The Chinese in San Francisco and the Minig Region of California 1848-1858

Graduation Date

Spring 1979

Document Type

Master's Thesis

Document Form

Print

Degree Name

Master of Arts

Program Name

Humanities

Abstract

The first decade of the Chinese experience in California gave rise to and formed the basis for the racial strife which was to engulf the Chinese during the last part of the nineteenth century. The ordeal of the Chinese miners and those in other occupations during that exciting, chaotic, and often dangerous decade of the California Gold Rush was an integral part of the social, economic, and political life of the burgeoning new state, and what tran­spired between the years of 1848 and 1858 in large measure set the tone and determined the nature of racial conflicts that succeeding generations of Californians would follow.

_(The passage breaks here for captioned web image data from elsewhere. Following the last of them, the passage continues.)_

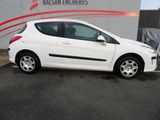 a picture of a white car parked in front of a building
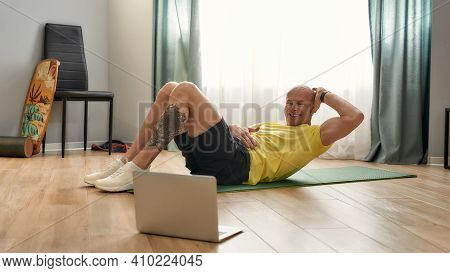Sports Coach 39 Years Old Pumping The Press While Lying On The Mat At Home. Male Trainer Performing 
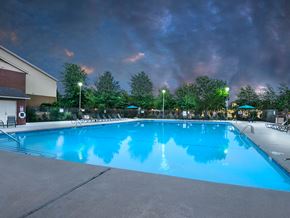 Bentonville apartment for rent - a swimming pool at night with a cloudy sky above it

The usefulness of the Chinese as whipping boy and scapegoat, or as what historian Alexander Saxton has characterized, the "indispensable enemy," had its beginnings in the 1850's and was nutured by race prejudice, unconstitutional treatment of minorities, political extremism, and nationalism.

Previous attempts to trace the history of the Chinese in California have focused on the last three decades of the nineteenth century. Not enough attention has been given to the period of the 1850's which was the interval of the earliest bitterness and which finally gave rise to legal, popular, and criminal actions against the unwelcome newcomer. Increasing awareness of racial injustices in contemporary life makes it necessary to examine the record of racial conflict in California's period of infancy, and it is the intent of this paper to demonstrate how the conditions, experiences, expectations, and prophecies originating in the 1850's controlled the course and the intensity of the strife which was to explode with full force during the latter part of the nineteenth century. The story is part of the history of the American West and is undeniably an integral part of the present.

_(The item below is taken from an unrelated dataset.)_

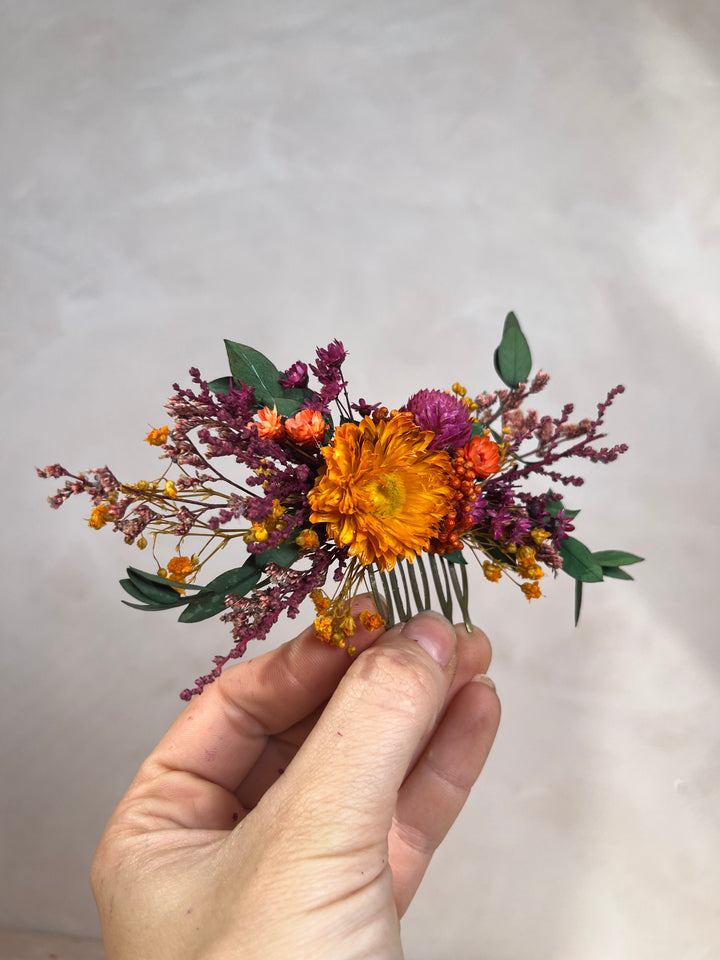 A hand holding a small dried flower hair comb featuring a prominent orange flower, purple blossoms, green leaves, and tiny yellow accents against a neutral light gray background.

This investigation will begin with the first docu­mented arrival of the Chinese in 1848 and will cover the placer mining period of the Gold Rush. Specifically, the scope of the investigation will include the following: why and how the Chinese came to California, what they found in the new land as sojourners, the reactions of the white population to these emigrants, and some thoughts concerning the end of the sojourners' dream as the decade came to a close.